Marquetalia

Crítica de Horacio Bernades - Página 12

Un retrato en fragmentos

La película acompaña con gran libertad a una ex presa política uruguaya que ahora en la vejez se siente prisionera de su propio cuerpo.

“Una cosa es el encierro y otra la soledad”, afirma Elida Baldomir, que sabe de ambas cosas. Hay dos tiempos en la vida de Elida. Uno es el de la cárcel, desde fines de los 70 hasta mediados de la década siguiente, cuando era comandante tupamara y debió soportar el confinamiento y la tortura. Hasta ser liberada junto a sus compañeros, en 1985. Otro es el presente, en que el encierro es el propio cuerpo: sus serios problemas de movilidad la confinan a una silla ortopédica, a un bastón o, sobre todo, a la cama, donde vive despatarrada. “Ya te voy a dar, traidora”, dice, dirigiéndose en femenino a ese cuerpo-cárcel.

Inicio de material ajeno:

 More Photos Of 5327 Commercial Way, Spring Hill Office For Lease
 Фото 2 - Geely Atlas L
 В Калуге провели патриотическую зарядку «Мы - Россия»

Curiosamente, de las dos cárceles, la que parecía una catacumba y la de carne, huesos y sangre, Elida dice preferir aquélla, porque allí se sentía acompañada por sus compañeras de militancia y de prisión. “Ahí era todo nosotras, no había mío ni tuyo”. ¿Y la soledad, será ésta?

Según afirma en la entrevista publicada el martes en este diario la realizadora, Laura Linares, estaba preparando otro documental cuando conoció a Elida, y decidió cambiar. Del otro quedan fragmentos: era uno sobre un hogar para ancianos de Montevideo, en el que los pacientes son todos ex presos políticos. Como parte de la investigación dio con la brava Elida, que de entrada la sacó carpiendo. Linares comprendió que era a esa tozuda resistente a quien quería como protagonista. Ahora, y aunque en una escena concurra a un festejo organizado por la Asociación de Presos Políticos del Uruguay, el relato de Elida se contrapone al del hogar. Allí, seres como fantasmas, inmóviles y con la vista perdida (salvo unos pocos más aventajados, que se dedican a leer). Aquí Elida, afirmando, en su departamento, que antes que internarla en un geriátrico más vale que la tiren a las vías del tren, con silla de ruedas y todo.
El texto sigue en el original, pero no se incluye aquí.